### Assignment
From the entries below, copy exactly the lines from the one that contains "3 bedroom house" through the one that contains "Hệ thống giảm", both included, and only those.

### Exercise material

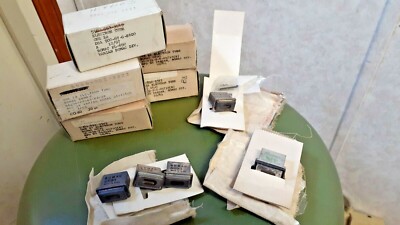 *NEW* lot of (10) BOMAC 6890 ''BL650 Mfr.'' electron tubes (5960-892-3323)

######
### Exercise material

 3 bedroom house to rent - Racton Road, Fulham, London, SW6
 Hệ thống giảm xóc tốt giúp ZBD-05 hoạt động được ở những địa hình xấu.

######

### Output
 3 bedroom house to rent - Racton Road, Fulham, London, SW6
 Hệ thống giảm xóc tốt giúp ZBD-05 hoạt động được ở những địa hình xấu.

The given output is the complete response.